In a probate case, one of the primary responsibilities of the personal representative is to collect, maintain and manage the assets of the estate. This includes filing with the probate court an inventory of the estate’s assets. Here are three things every personal representative should know about preparing the inventory in a probate case:
- What is probate property? Not all assets of the deceased are subject to jurisdiction of the probate court. Only assets owned in the deceased’s name alone go through probate. Consequently, joint tenancy property, bank accounts with payable-on-death beneficiaries designated and property owned by a revocable living trust need not be included in the inventory filed with the probate court.
- An inventory is not always required. The Oklahoma probate laws allow the court to waive the filing of an inventory. The personal representative can request an order waiving the filing of an inventory in either the initial petition or a subsequent application.

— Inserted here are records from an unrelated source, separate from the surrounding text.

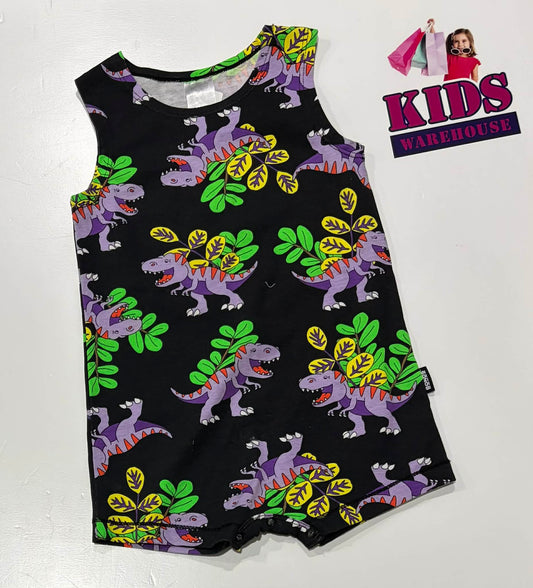 Bonds Black Sleeveless Bodysuit With Purple Dinosaur Pattern Size 1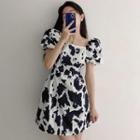 Puff-sleeve Cow Print Mini A-line Dress Black & White - One Size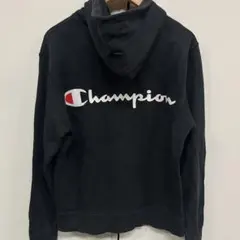 【大人気】Champion チャンピオン　刺繍ロゴ　バックプリント　パーカー　黒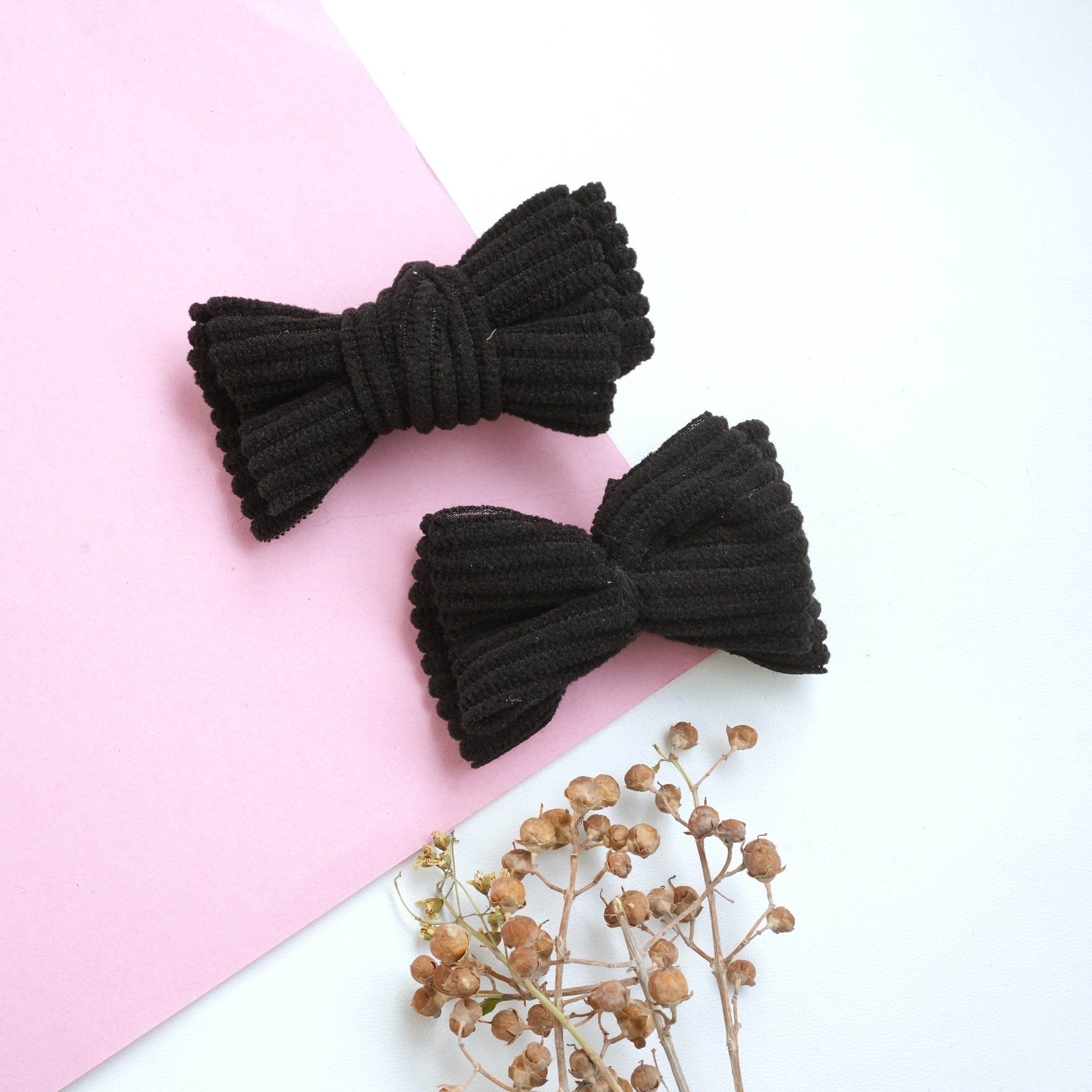 Cozy Ribbed Fabric Bow Hair Pins (Pair)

- Valuation is important. In addition to listing the assets of the probate estate, the personal representative must assign values to such assets. While the personal representative can simply state his or her opinion as to the value of the estate’s assets, it often makes sense to hire professional appraisers, particularly for the deceased’s primary residence and any oil and gas rights.
As with other probate issues, a personal representative would be best served by retaining a knowledgeable attorney. Doing so can ensure that the personal representative fulfills their statutory duties, avoids legal liability and minimizes disputes among family members.